Induced Gravity from the Consistent String Theory Coupled with Two - Dimensional Quantum Gravity

TL;DR

This paper explores a unified string and two-dimensional quantum gravity theory with a focus on induced gravity, analyzing its classical and quantum properties, symmetries, and renormalization behavior across different formulations.

Contribution

It introduces three classically equivalent formulations of the unified theory and examines their quantum invariance and renormalization, highlighting the role of generalized symmetries and reparametrizations.

Findings

The theory exhibits invariance under generalized symmetry transformations.

One-loop counterterms are computed and shown to be equivalent on mass-shell.

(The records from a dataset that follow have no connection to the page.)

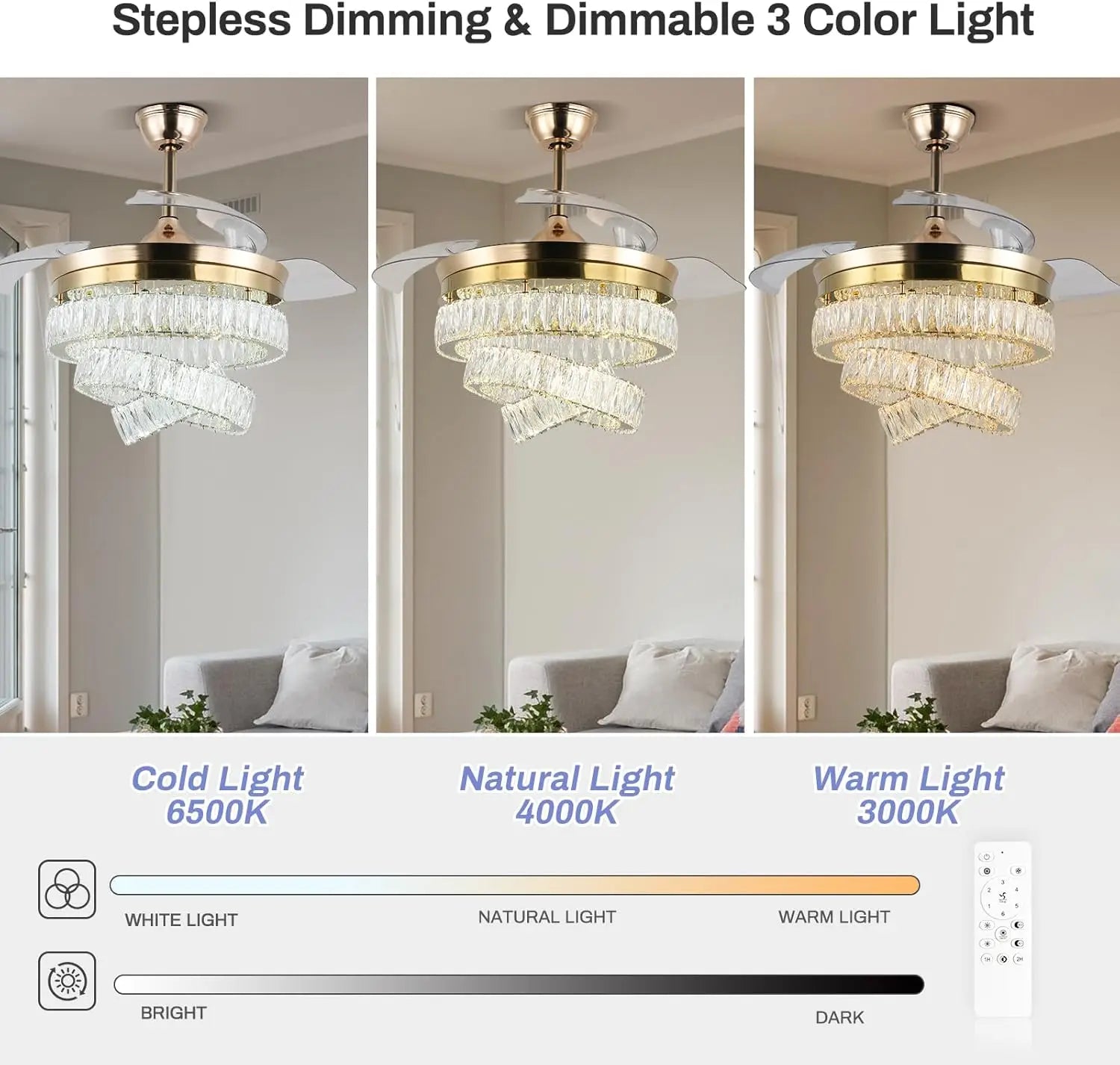 42'' Dimmable Chandeliers Fan, Crystal Ceiling Fan with Lights with APP & Remote Control, Gold Fandelier Ceiling Fan, 3 Color Ch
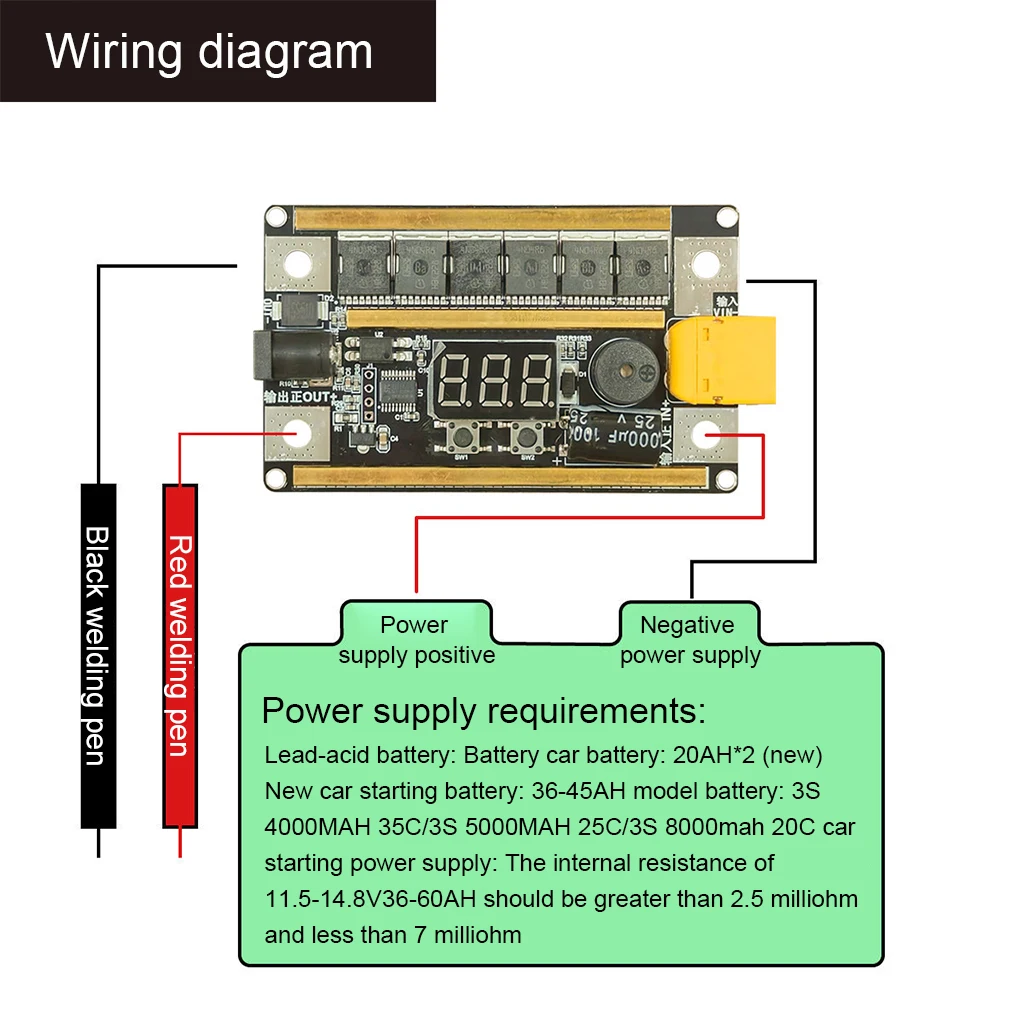 99 Gears 8V-24V Spot Welder Kit Digital Power Adjustable Spot Welding Pen Control Board Nickel Sheet For 18650 Lithium Battery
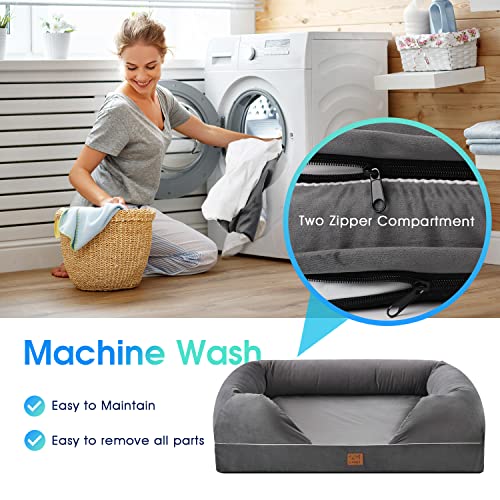 51le69myltl 1.jpg CertiPUR-US Certified Orthopedic Dog Bed Full Memory Foam, Senior Dogs, Grey, Waterproof Liner, Removable Cover | Or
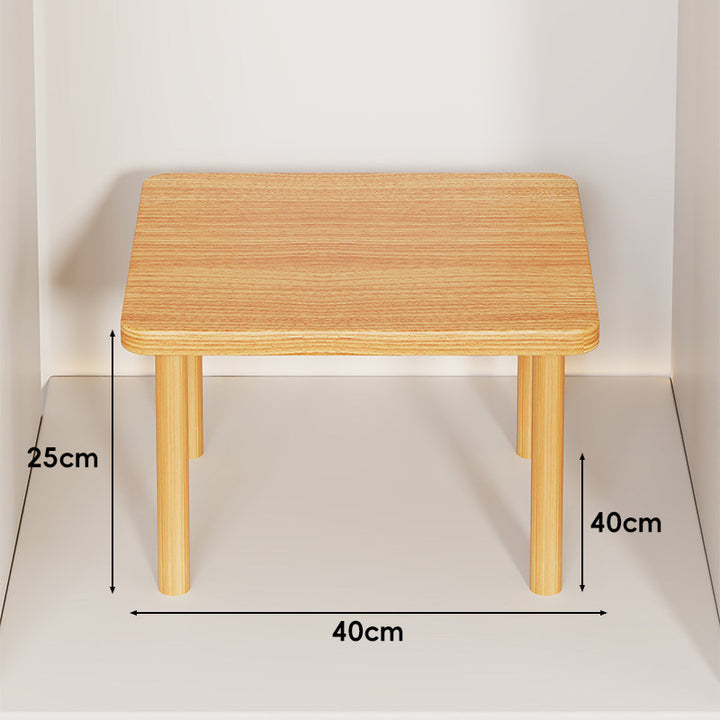 Height-Adjustable Rectangular Wooden Riser Table with Detachable Round Legs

Different formulations lead to identical quantum contributions on-shell.

Abstract

The unified theory of string and two-dimensional quantum gravity is considered. The action for two-dimensional gravity is choosen in a well-known induced form and thus gravity posesses it's oun nontrivial dynamics even on the classical level. Three classically equivalent forms of the action of the unified theory are described, that is $D$, $D+1$ and $D+2$ formulations where the last one corresponds to the special kind of nonlinear sigma model on the background of classical two-dimensional metric. In all cases we find the action of the theory to be invariant under generalized symmetry transformations, and point out the arbitrariness of renormalization which reflects this symmetry. The one - loop counterterms are calculated in a general covariant gauge and also in conformal gauge. The difference between the counterterms for all classically equivalent variants of the theory is trivial on mass-shell. Since the different versions of the theory lead to the one-loop contributions which coincide on mass shell, the corresponding arbitrariness is related with the only generalized reparametrizations of the theory. Hence one can formulate the conditions of Weyl symmetry for any equivalent form of the action. Such a conditions are written for the $D+2$ formulation and then are reduced to other ones. The equations for the background interaction fields differ from the ones in standard approach and look much more complicated.